Chief Executive Ho Iat Seng said on Monday that the way the government will give residents its annual “wealth-sharing” handout next year would depend on their views and the development of the COVID-19 pandemic, but he reaffirmed that the government would continue sharing the city’s wealth with residents in cash if “everybody” prefers it that way.
Speaking during a post-policy address press conference at Government Headquarters, the chief executive said that if the COVID-19 pandemic becomes less serious and consequently Macao’s employment situation improves next year, it would be “a good thing” for the government to share its wealth in cash, like in previous years.
The press conference, which lasted 100 minutes, took place after Ho delivered his 90-minute 2021 Policy Address to the Legislative Assembly (AL) Monday afternoon.
The full version of the 2021 Policy Address states that next year’s government annual cash handout will remain unchanged at MOP 10,000 for permanent residents and MOP 6,000 for non-permanent residents, but it also states that “the form of distribution will depend on the circumstances”.
Ho told local civic leaders last month that since it was “impossible” for the local government to predict the future development of the COVID-19 pandemic, it would need to study how its “wealth-sharing” handout scheme could stimulate the local economy, consumption in particular, and stabilise the employment of staff in local micro-, small- and medium-sized enterprises (MSMEs). A few days later, Ho told reporters that the government would “constantly” study the possibility of changing its way of sharing the city’s wealth with residents next year, but he was quick to add that “if everybody prefers cash, [the government] will continue [sharing the city’s wealth] in cash [next year]”.
During Monday’s press conference, Ho was asked by reporters about the government’s possible change in its way of sharing the special administrative region’s wealth with residents next year. Ho said that the government was open to listening to various views from civil society on the matter, but he also underlined that the government’s consumption subsidy scheme has helped boost the local economy and stabilise employment.
The first phase of the government’s consumption subsidy scheme, a 3,000-pataca consumption smartcard, ran between May and July, while the ongoing second phase of the scheme, a 5,000-pataca top-up to the card, is running between August and next month.
“If everybody has a consensus that the handout should be distributed in cash, [the government] will continue [sharing the MSAR’s wealth] in cash [next year],” Ho said, reassuring that the handout is part of next year’s government budget.
Ho was quick to add that “but how the handout will be distributed will depend on the changes in the COVID-19 pandemic, and [the government] will still have plenty of time to make a decision [on the matter]”.

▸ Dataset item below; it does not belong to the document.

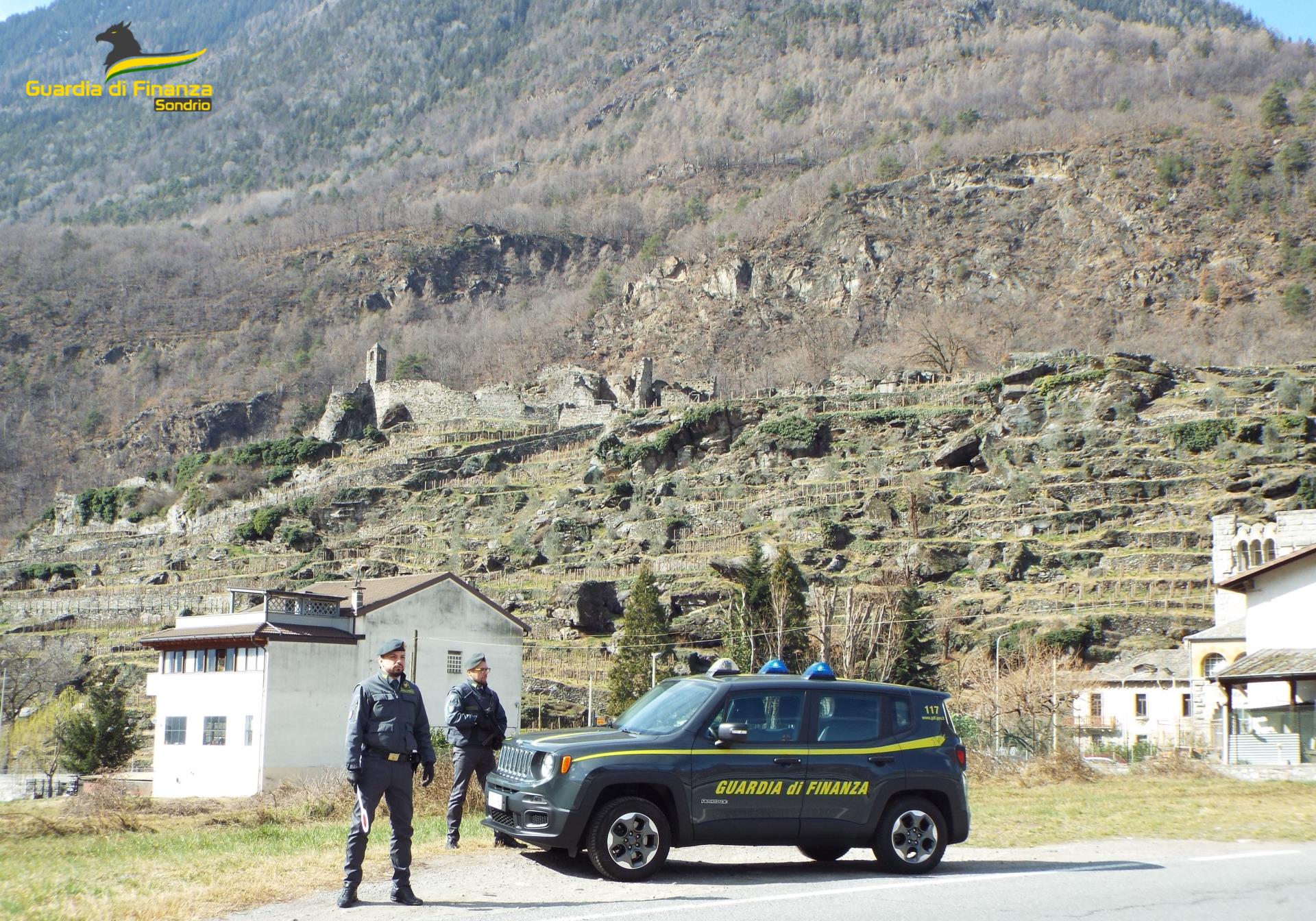 GDF Sondrio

Consumption subsidy stabilises employment: Ho
Ho also said that the consumption subsidy scheme has “obviously” stimulated consumer spending since its launch in May, adding that 75 per cent of the subsidy has been spent in the “cha chaan teng” (traditional Hong Kong and Macao-style café) sector in particular.
Ho said that the consumption subsidy scheme has enabled the local MSMEs to stay in business, which has helped stabilise local employment as well.

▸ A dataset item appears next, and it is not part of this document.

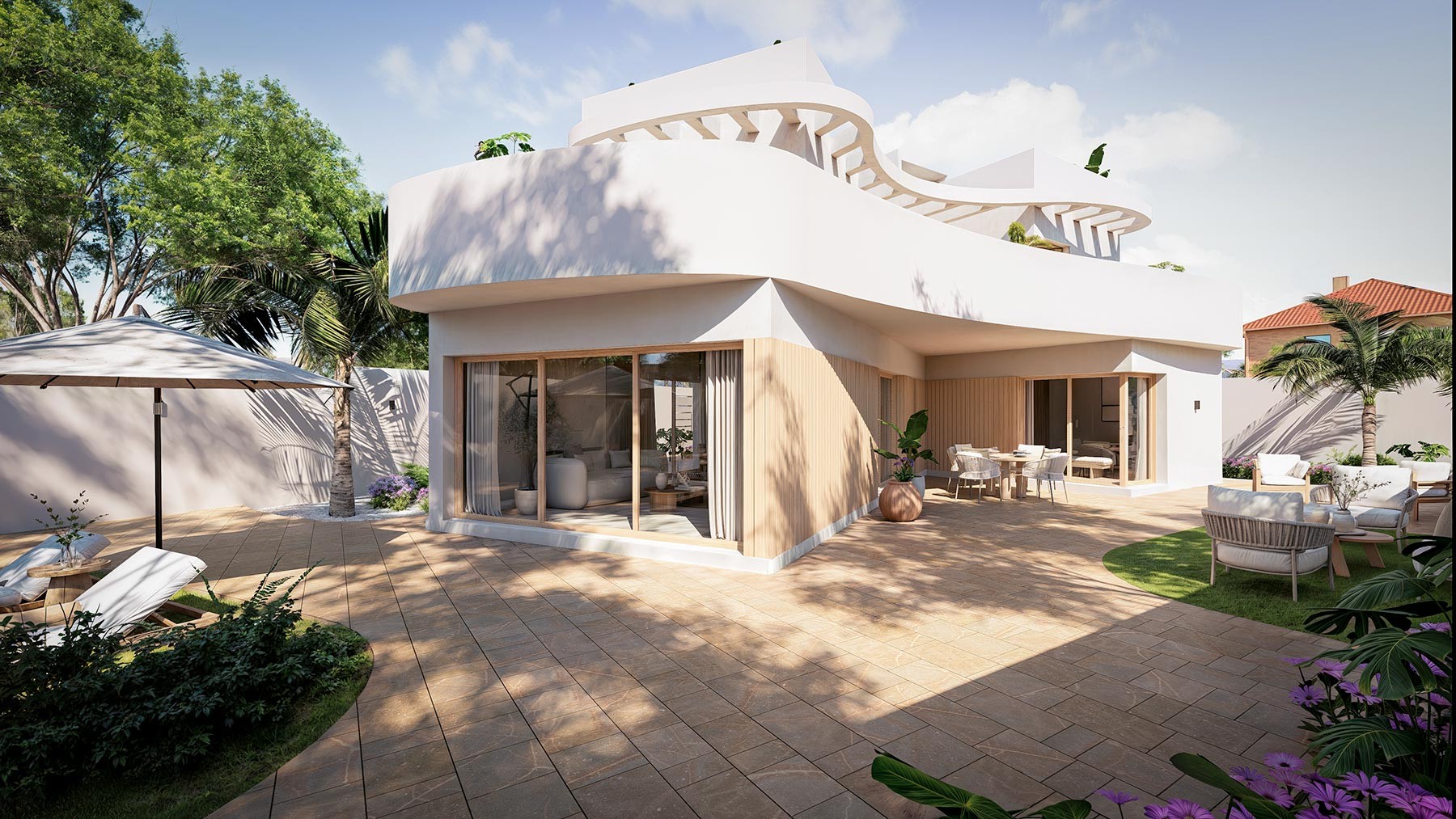 detached en La Zenia – Ref. 81258932-01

Ho said that this year’s cash handout, which was paid to residents in April, did not stimulate local consumption, adding that the handout turned out to be merely “a transfer of money from the government to residents’ bank accounts”.
Ho said that in addition to the administrative procedures of the annual cash handout, the government was now also familiar with the procedures of issuing consumption subsidies to residents. “The government is now very familiar with both tasks,” Ho said.

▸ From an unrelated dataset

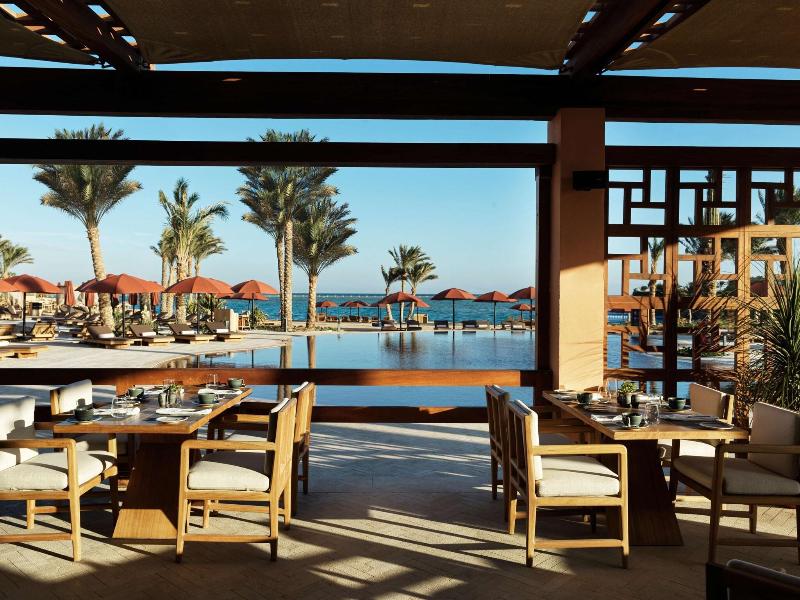 The Chedi El Gouna - Restoran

Ho urged residents to think about the way the annual cash handout should be distributed in the long term.
Ho underlined that the government’s way of sharing the city’s wealth next year would depend on the development of the COVID-19 pandemic. “If the COVID-19 pandemic improves – i.e. becomes less serious, causing Macao’s employment situation to return to normal it would be a good thing for the government to share its wealth in cash like previously, which would help many grassroots households in buying [their daily necessities], in which case they could choose to buy things outside Macao,” Ho said.
Ho also pointed out that next year’s cash handout will be paid to residents in July, the same arrangement as in previous years, while only this year’s timing of the cash handout was different as the government brought forward the payout to April in response to the adverse impact of the COVID-19 pandemic on the local economy. Ho also said that therefore the government would surely decide before July next year on the way of distributing next year’s “wealth-sharing” handout.
Possible extra financial support
When asked about whether the government will roll out a third round of financial support measures for residents and businesses alike, Ho said that it would “really” depend on the development of the COVID-19 pandemic.
“If the COVID-19 pandemic stabilises – or COVID-19 vaccines become widely available, Macao would be able to welcome tourists from many areas around the world and its economy would improve, in which case the government would not have to roll out the third round of financial support measures,” Ho said.
“[But] if local MSMEs still have difficulties in running their business next year due to the still serious COVID-19 pandemic, the government would not rule out implementing financial support measures that accurately benefit those in need,” Ho said.